> [Task requirements] Beginning with the line that contains "Walmart holiday home decor!", retype the entries below exactly, ending with the line that contains "#LTKHoliday #LTKSeasonal #LTKhome". Leave out any pictures.

> [Records provided]

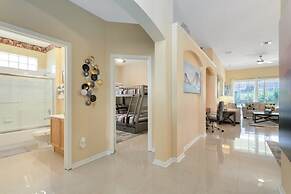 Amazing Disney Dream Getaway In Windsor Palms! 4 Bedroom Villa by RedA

...

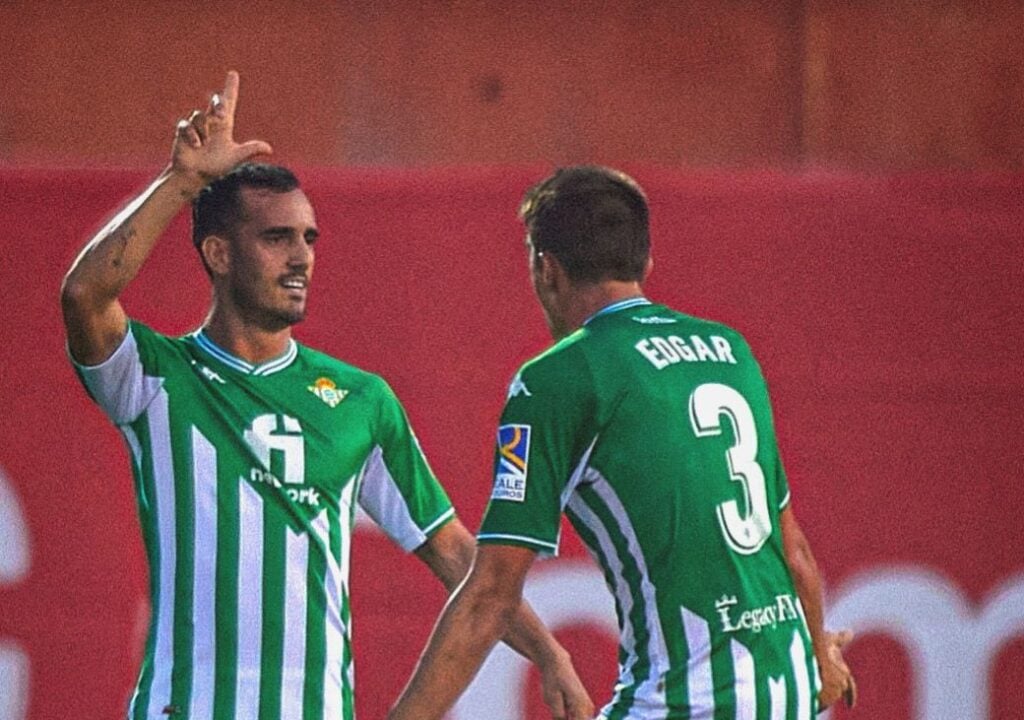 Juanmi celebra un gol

...

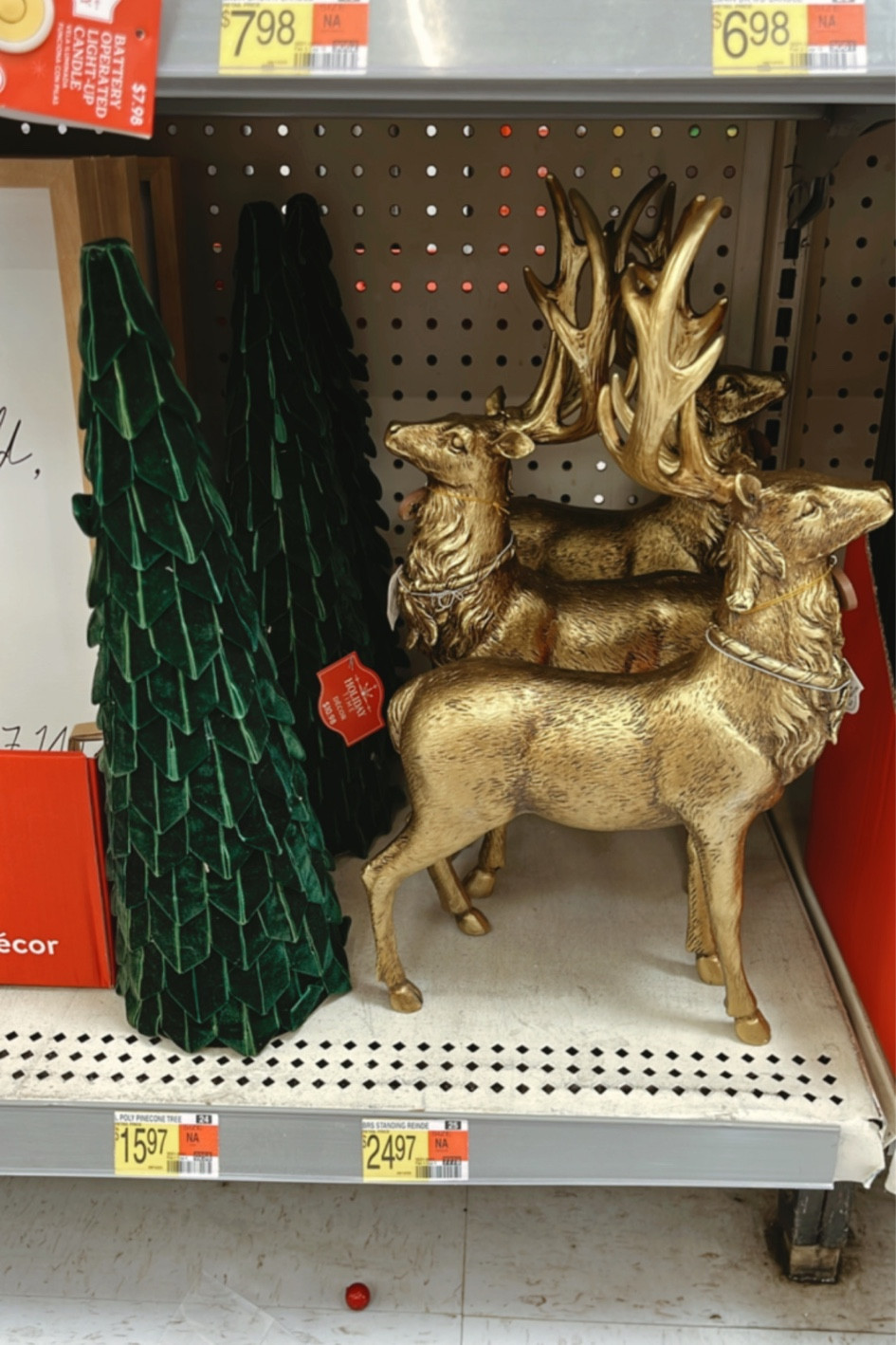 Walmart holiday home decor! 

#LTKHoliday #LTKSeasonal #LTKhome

> [Exercise response]
 Walmart holiday home decor! 

#LTKHoliday #LTKSeasonal #LTKhome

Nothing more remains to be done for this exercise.